Business

Keeping milling all in the family

KATHARINE SCHROEDER PHOTO

Will Paulson works on a carving at his Mattituck shop. If Mr. Paulson can’t find the tool he needs to complete a task, he makes it himself.

It was the family business, but young Will Paulson wanted nothing to do with it. As the fourth generation in a long line of woodworkers, he’d been told his future from the day he was born. He’d mill lumber, build houses, and work with his hands for the rest of his life. Nothing would convince his father otherwise.

By the time he reached 20 years old, the young man had heard enough. He packed his bags, grabbed an old guitar, and hitchhiked his way down South with nothing but a bag full of tools to remind him of his father’s workshop.

In the process, he learned something only experience can teach.

“I wanted to control my destiny, and I resented the fact that my destiny had already been chosen for me,” he said. “But the truth is, you can’t really control anything … you are who you are, and knowing that is the best gift you could ever give yourself.”

The reluctant miller hitchhiked South in the “old school, journeyman style,” he said, fixing doors to earn a dollar, repairing cabinets in exchange for dinner. When he reached Miami he discovered to his surprise that the only thing he wanted to do with his life was work with wood.

“My father knew, he just knew that this was what I would do with my life,” he said. “But I had to find that out for myself, not from him. It was crazy, but I needed it.”

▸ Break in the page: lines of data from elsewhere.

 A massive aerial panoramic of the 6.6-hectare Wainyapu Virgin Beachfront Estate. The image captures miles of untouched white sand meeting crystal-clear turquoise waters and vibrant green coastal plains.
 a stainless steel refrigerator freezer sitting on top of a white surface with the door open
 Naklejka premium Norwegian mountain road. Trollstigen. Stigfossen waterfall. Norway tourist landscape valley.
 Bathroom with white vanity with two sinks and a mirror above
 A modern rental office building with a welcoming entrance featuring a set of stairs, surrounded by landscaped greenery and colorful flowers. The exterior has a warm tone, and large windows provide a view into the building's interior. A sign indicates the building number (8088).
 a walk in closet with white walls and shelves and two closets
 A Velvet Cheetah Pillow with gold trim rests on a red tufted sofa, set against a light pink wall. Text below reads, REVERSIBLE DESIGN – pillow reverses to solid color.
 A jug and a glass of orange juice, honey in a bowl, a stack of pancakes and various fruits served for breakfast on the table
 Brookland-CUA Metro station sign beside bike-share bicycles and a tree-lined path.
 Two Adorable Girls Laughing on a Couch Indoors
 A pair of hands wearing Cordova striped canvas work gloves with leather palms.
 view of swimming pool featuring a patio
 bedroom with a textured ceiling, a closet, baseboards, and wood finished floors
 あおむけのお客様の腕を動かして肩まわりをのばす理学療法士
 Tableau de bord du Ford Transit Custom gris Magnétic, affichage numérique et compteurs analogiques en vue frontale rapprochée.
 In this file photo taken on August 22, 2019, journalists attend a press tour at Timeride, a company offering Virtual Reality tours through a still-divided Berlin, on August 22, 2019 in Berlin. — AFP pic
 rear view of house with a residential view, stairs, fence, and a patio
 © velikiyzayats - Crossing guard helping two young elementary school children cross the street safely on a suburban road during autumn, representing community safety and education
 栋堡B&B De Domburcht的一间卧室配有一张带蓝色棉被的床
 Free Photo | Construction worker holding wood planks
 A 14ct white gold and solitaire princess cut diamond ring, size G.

Today, the 53-year-old miller has been operating Will Paulson’s Woodworks in Mattituck for more than 25 years. It’s hard work, he said, and sometimes nearly impossible to earn a living, but despite the numerous challenges, he said he wouldn’t have it any other way.

“There’s not a lot of jobs where you can work seven days straight in 100 degree weather and still say that you’re looking forward to going to work on Monday,” Mr. Paulson said. “If you’re going to do something every day, it might as well be something fun.”

Mr. Paulson’s workshop boasts an impressive display of gizmos, gadgets, and sets of big machines designed to mill lumber, make furniture, and produce any number of things, including an entire bathroom vanity made from a 4,000 year old bog oak found in Austria. Although machines are used to cut and prepare components, the final products are all finished by hand. Mr. Paulson even custom-makes many of his own tools.

A machine called a bowl lathe hadn’t been invented 20 years ago, so when he needed to make a bowl he created a machine that did what he needed.

“I just built one out of old parts lying around the shop,” he said. “I found a bunch of different machinery, things lying around, and I decided I could put them together and get what I needed out of it.”

Despite being made from leftover parts, Mr. Paulson’s lathe looks nothing like a thrown-together pile of scrap. The carefully constructed machine lookslike a factory brand contraption, complete with painted parts and a ready-to-use lever.

“Sometimes you have to get creative when it comes to solving problems,” he said. “You’ve got to figure out how to do it as quickly as possible, and before you know it, you’re saying, ‘Wow, if I put this blade over here, and this piece over here … Hey, this might work!'”

Mr. Paulson said he finds most of his wood locally, using fallen trees to create a work of art. Often times, he said, a tree that is just beginning to rot is actually the perfect candidate for some of his most beautiful work.

In a corner of his shop, for instance, lies a part of a 200-year-old copper beech tree infected by a type of fungus that produces a discoloration called spalting. The lines that run up and down the wood, a direct result of the fungal infection, create a perfect outline of Long Island’s North and South forks.

“The local trees, a lot of people don’t realize how spectacular they are,” Mr. Paulson said. “Sometimes you open up a tree, and you just go ‘wow,’ like you’ve found gold.”

Although Mr. Paulson spends most of his time making furniture for homes across Long Island, he also has tackled several high-profile jobs, such as a mahogany library for President Reagan’s chief of staff and a mahogany wine cellar for ABC news and sports executive Roone Arledge. Mr. Paulson said that he considers such jobs just another day’s work. “Everybody’s high profile,” he said of all his customers. He believes that he’s found a measure of happiness that many of the world’s most successful people never see.

“I don’t believe money is success,” he said. “I don’t believe possessions are success. I don’t believe any of that stuff is success. Success is joy, getting up and being happy for the day. That is success.”